Between one-third to half of all undocumented immigrants could gain legal status and obtain a green card if a series of yet-to-be introduced Republican piecemeal proposals become law, according to a new report released on Tuesday by the non-partisan public policy organization, National Foundation for American Policy.
The report is the first attempt to estimate the number of people that would be eligible for lawful permanent residence (a precursor to citizenship), if a House proposal were favored over the Senate’s comprehensive immigration bill. Because “no legislative text exists” on a specific legalization bill, the author Stuart Anderson based his calculations on what House Republican leaders have already publicly supported. Anderson argued that those most likely to be eligible for green cards are also those who have the “strongest connection to the United States and least likely to leave voluntarily.” Those people include parents of American-born children (3.1 million to 4.4 million), spouses of American citizens or lawful permanent resident spouses (800,000 to 1.5 million), and so-called DREAMers, or undocumented youths who were brought to the United States as children (40,000 to 45,000). Together, the categories add up to 4.4 million to 6.5 million undocumented immigrants.
For the sake of comparison, a Congressional Budget Office report estimates that the Senate’s comprehensive immigration bill would likely allow eight million undocumented immigrants to become eligible for lawful permanent residence.
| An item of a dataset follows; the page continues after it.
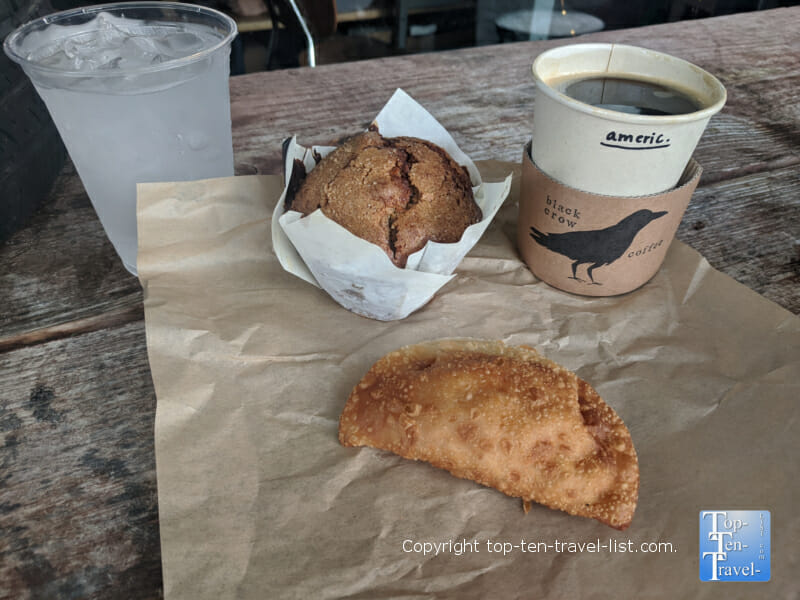 Vegan muffin, mac and cheese empanada, and Americano at The Black Crow coffeeshop in St. Petersburg, Florida 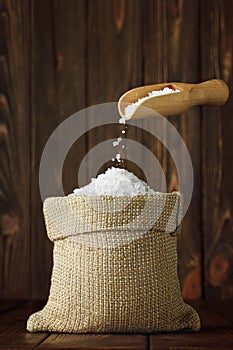 sea salt falling from scoop in sack on wooden table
Still, granting citizenship would in fact provide the biggest economic boon. Naturalized citizens earn 11 percent more than legal noncitizens. One report found that in a scenario in which immigrants are granted immediate citizenship, the U.S. gross domestic product (GDP) would grow by an additional $1.4 trillion over a ten-year period. Immigrants who are granted legal status, but are ineligible for citizenship, would also grow the economy, but the cumulative gain in U.S. GDP would be $832 billion.